I’m no entomologist, but even if I were, this guy would freak me out. The name itself is the stuff of science fiction, as this book cover suggests. The devil’s coach-horse is a beetle one hopes does not really exist.
The troubling thing is that this thing really does exist; I collected this specimen just outside my office door.
I thought at first this was a large ant. After closer inspection, I realized for that to be true, it would have to be an ant on The Mother of All Steroids. It measured fully one inch long, with jaws that could disassemble a Tonka Toy model dump truck with a single chomp.
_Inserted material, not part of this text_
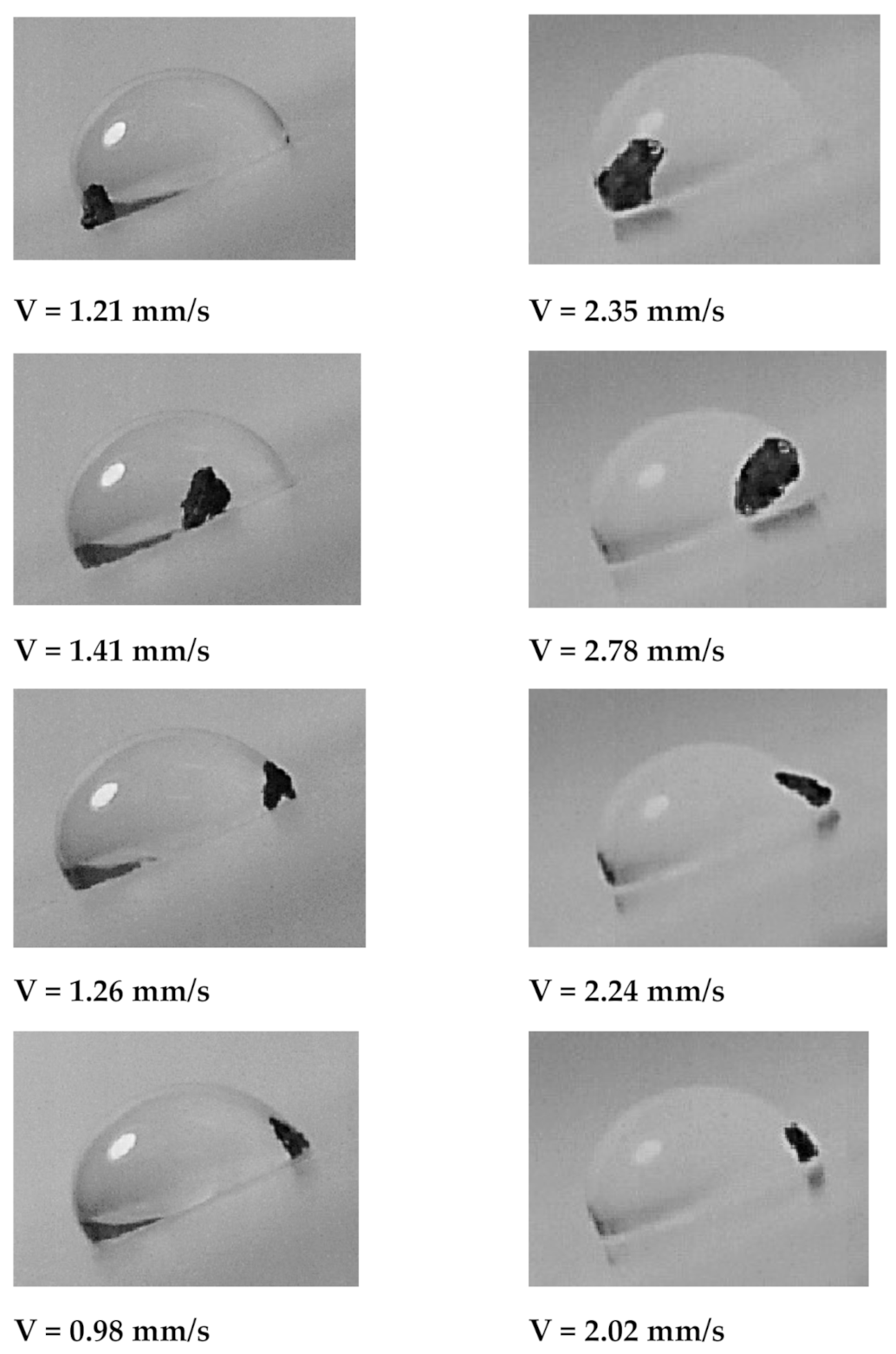 Molecules 26 00789 g010b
I gingerly tried to gather the specimen in an empty plastic jar that used to contain Folgers coffee crystals. Suddenly, my mini-monster raised its tail straight into the air, as if to strike like a scorpion. At its end gleamed two white menacing tips, looking as though they could launch some sort of secret weaponry. Its mouth opened up like a Vise-Grip pliers, ready to sink into its next meal: me.
Dropping the Folgers jar, I clawed for the wall behind me, like a child clinging to its mother’s skirt; this one-inch mystery monster had me cornered. Pulse throbbing, I grabbed the disassembled Folgers lid and jar and did what any red-blooded male would do: I prepared to tromp him, leaving nothing behind but beetle pudding, a set of giant mandibles, and a tail full of venom or puss or poisonous juice that he would have injected into a vein. I imagined my death to be slow and painful, the poison probably first paralyzing my vocal cords as a precautionary measure, so that I could not squeal for help.
Then the unexpected happened. The cold-blooded vermin dropped his tail, turned, and attempted to retreat. It was now or never, life or death. I sprang at him, Folgers lid and jar in hand, and, mercifully, in his confusion, he did not kill me. He was my prisoner.
I kept my captive overnight, wondering just what chemical or radiation exposure had created my monster beetle.
What on earth was this miniature monster all about??
The Google search began. Eventually, I found him out:
“The other popular name for this beetle is ‘cocktail’, because of its habit of raising its tail like a scorpion when it feels threatened. It cannot sting like a scorpion, but it does have another, rather bizarre defense mechanism. At the end of its abdomen are a pair of white glands which can emit a foul smell. It can also squirt a stinking brown fluid from its mouth and anus.
“The ‘devil’s coach-horse’ name came from Irish mythology where this particular beetle was considered a symbol of corruption. It was believed to have the power to kill on sight, and that it would eat sinners. When the beetle raised its tail, it was thought to be casting a curse. The foul smelling fluid emitted added to the effect.”
Mystery solved, but no more comforted, I nervously peered into his big, cold, expressionless bug-eyes. I wondered what that beetle-brain thought about the kind of creature that was staring back at him.
And still, I pondered how he yet planned to end my life.